**WHAT YOU NEED TO DO:**
Nothing but an exact copy is asked for: the lines in the material below from the one with "at 2A Janome" through the one with "Petite Robe Chemise", pictures excluded.

------------------------------

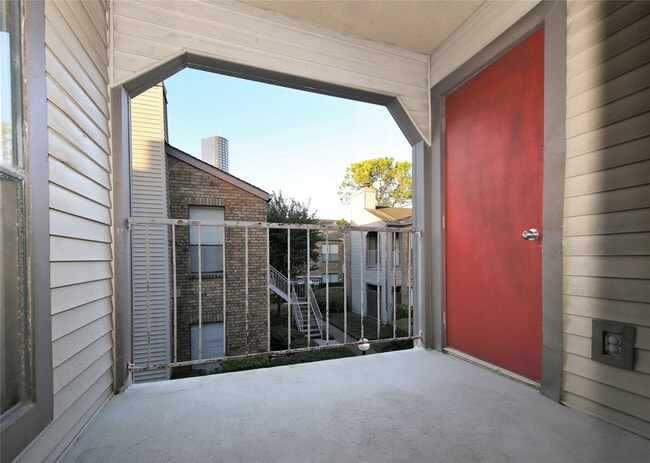 Photo - 2025 Augusta Dr Unit 306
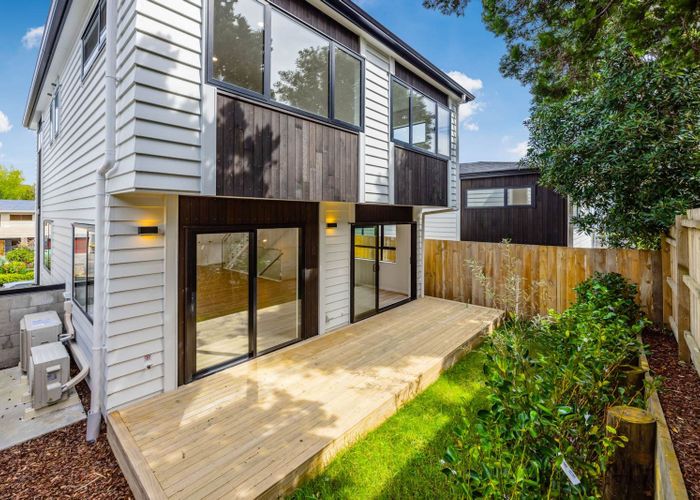  at 2A Janome Place, Bucklands Beach, Manukau City, Auckland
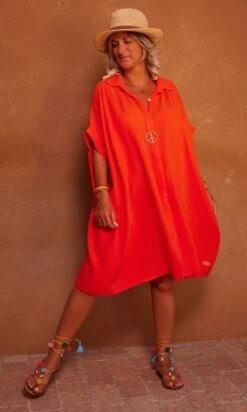 Petite Robe Chemise Sherine Oversize Orange -Vêtements Soldes 2024 b9374018 18db 4613 ad4b f3ff95741a10 facetune 17 07 2023 10 08 35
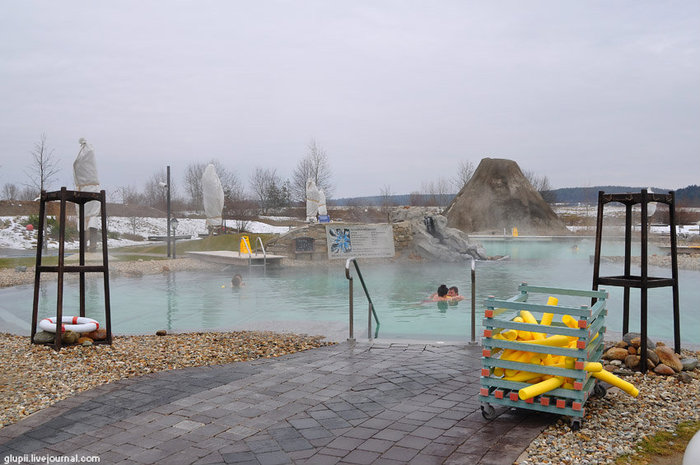 Это гордость курорта — источник Вулкания, он самый горячий и глубокий, но, чтобы попасть в него, нужно в мокрых плавках пробежаться по морозу — фееричное ощущение, надо сказать. Бад-Блумау, Австрия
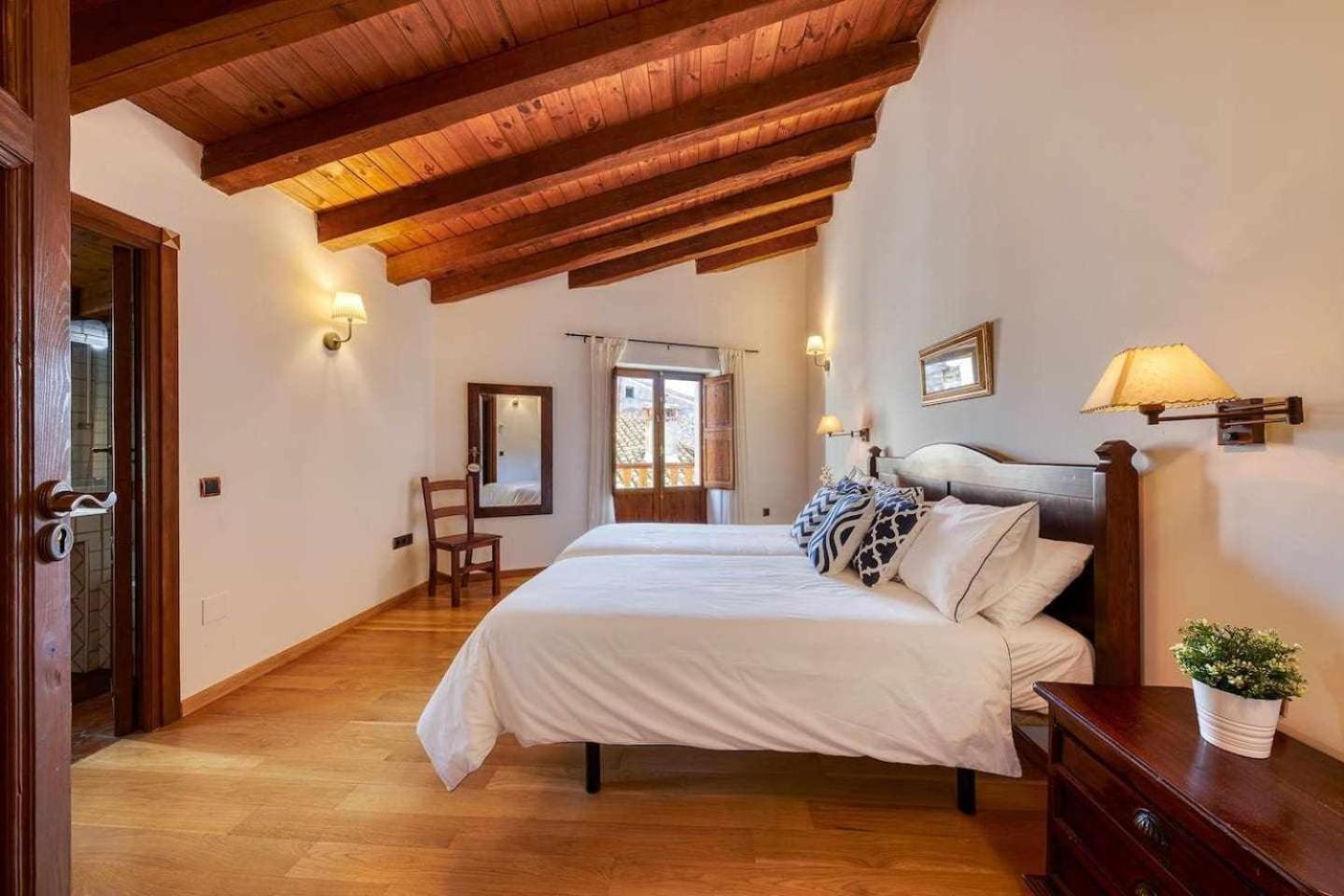 Affittacamere Casa Cuesta del Reloj Piedralaves Esterno foto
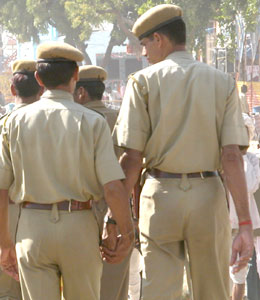 indian-cops-hold-hands.jpg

------------------------------

**EXPECTED ANSWER:**
  at 2A Janome Place, Bucklands Beach, Manukau City, Auckland
 Petite Robe Chemise Sherine Oversize Orange -Vêtements Soldes 2024 b9374018 18db 4613 ad4b f3ff95741a10 facetune 17 07 2023 10 08 35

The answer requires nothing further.